There's something about the future you're afraid to remember. It's about your body. (You can't feel your body. That's not what scares you.)

No more than a year a minute - the phrase comes from nowhere. It's been trained so deeply into you that it could probably be reverse-engineered from your modified ribosomes.

What is a ribosome?

There was pride associated with the word. You had sought and achieved something. A transformation. Not you. Your future. You're remembering him faster than you're becoming him again. You'll be in his body while you're still you. You're panicking. He would panic. You know without perception the people around the pod (what's a pod? a pod is where you are) are panicking. The machines aren't but are doing what machines do instead: they are deciding. Personality and memory regression were needed — they needed the person you were no who you are — but can't be sustained too long by a human brain, even yours. You will die if you don't remember.
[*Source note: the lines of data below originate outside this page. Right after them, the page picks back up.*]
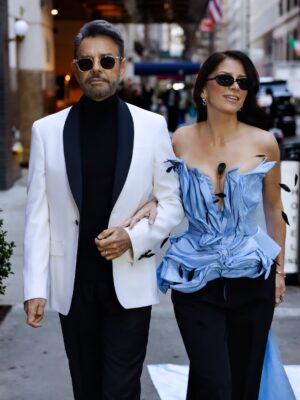 Alessandra Rosaldo Instagram - New York my love 🗽🩵 Y bueno, tú también @ederbez 

Fashion Styling & Creative Direction @marmolviejo 
Hair & Makeup @goodlookusa 
Photos @pablo_barajas 
Mi look @raquelorozcog 
Accesorios @unode50 
Look Eugenio @serenodelsordo 
Fashion Styling Assistant @stylegonzalezcom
They made a mistake and it's you, not your future, who will remember. You, not your future, who will live in your future body, the one you're proud of, the one you're terrified of almost-feeling. You try to tell them to push you back again, to die without knowing. You can't say anything and the machines wouldn't do it anyway.

With a final biochemical click all your memories return and you can feel your body.

You trash inside the pod trying to get out of it. The understanding fills you, sharp and massive, that even if you could do it that would kill you: there's no you separate for the pod in any physiological sense. You try harder and harder until the machines deem it safe to push you into a shallow darkness you hope you won't be the one waking out of.